- _DATA IN THIS EXERCISE_
________________________
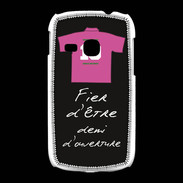 Coque Samsung Galaxy Young Demi d'ouverture Bonus offensif-défensif Noir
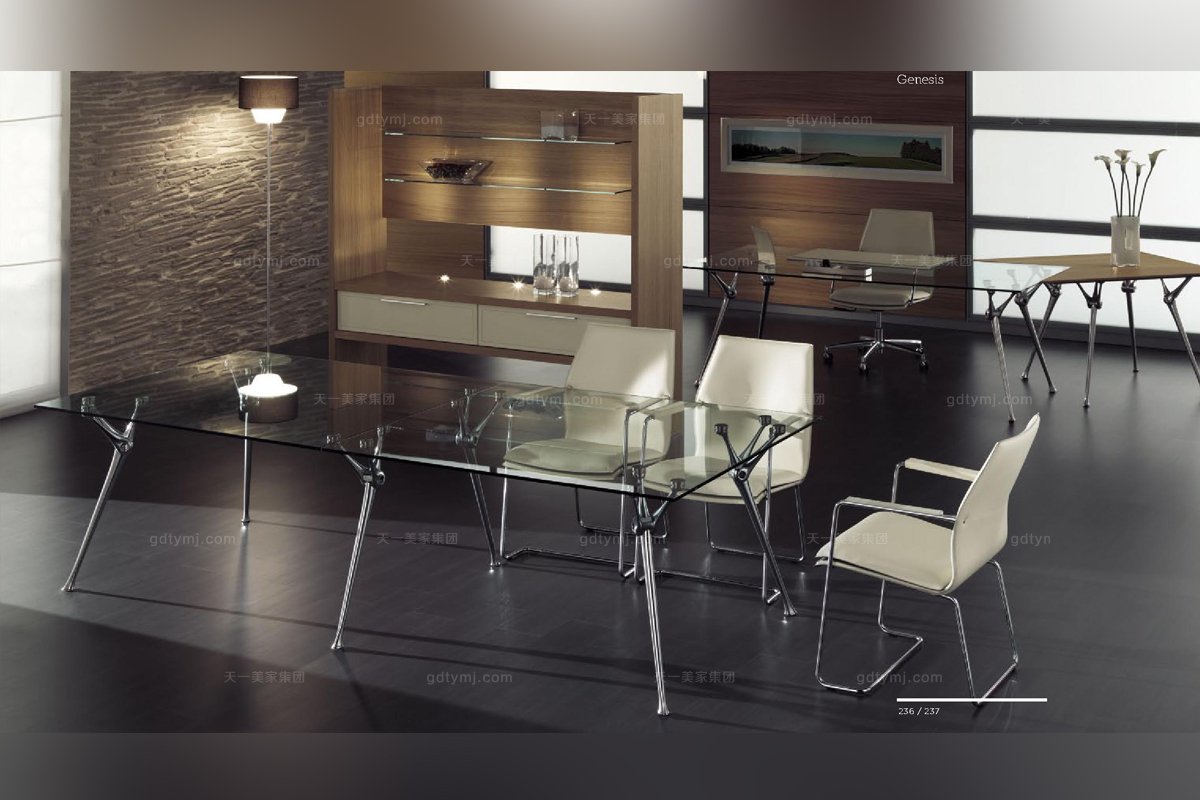 codutti 办公意昂玻璃台面会议桌系列
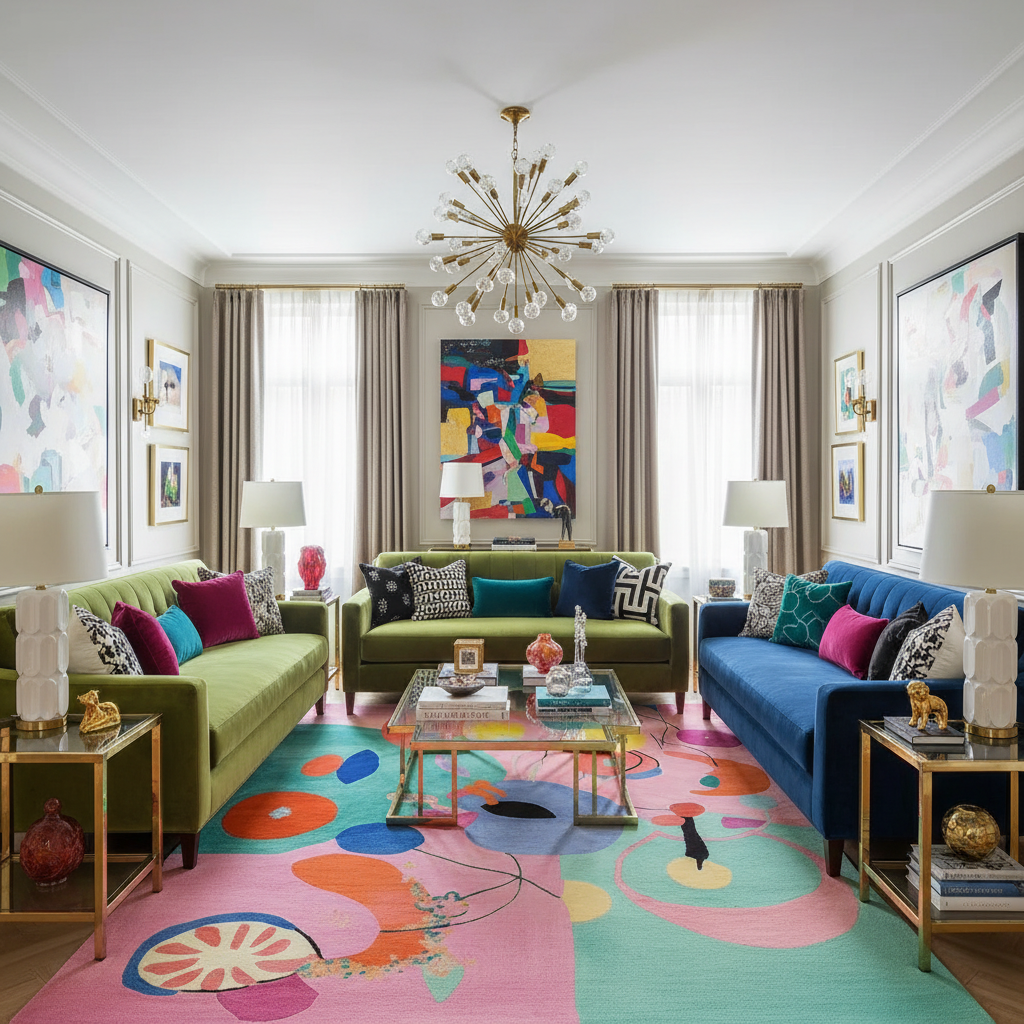 Abstract Delight Hand Tufted Rug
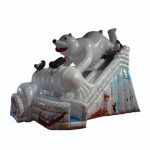 Inflatable Water Trampoline Factory - Tropical Rainforest Slide for Children's Amusement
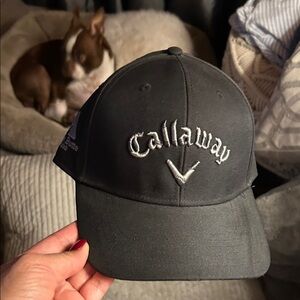 Callaway Charcoal Gray Cap with Embroidered Logo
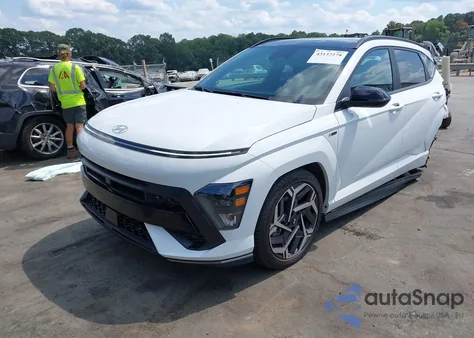 2024 Hyundai Kona N Line из США, поврежденный, VIN KM8HA3A35RU093657
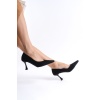Cordelia Kadın Siyah Saten Stiletto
________________________
Skip the pictures. Please copy exactly the lines from the one with "Callaway Charcoal Gray" through the final line of the material above, both ends included.

- _ANSWER FOR THE TASK_
 Callaway Charcoal Gray Cap with Embroidered Logo
 2024 Hyundai Kona N Line из США, поврежденный, VIN KM8HA3A35RU093657
Cordelia Kadın Siyah Saten Stiletto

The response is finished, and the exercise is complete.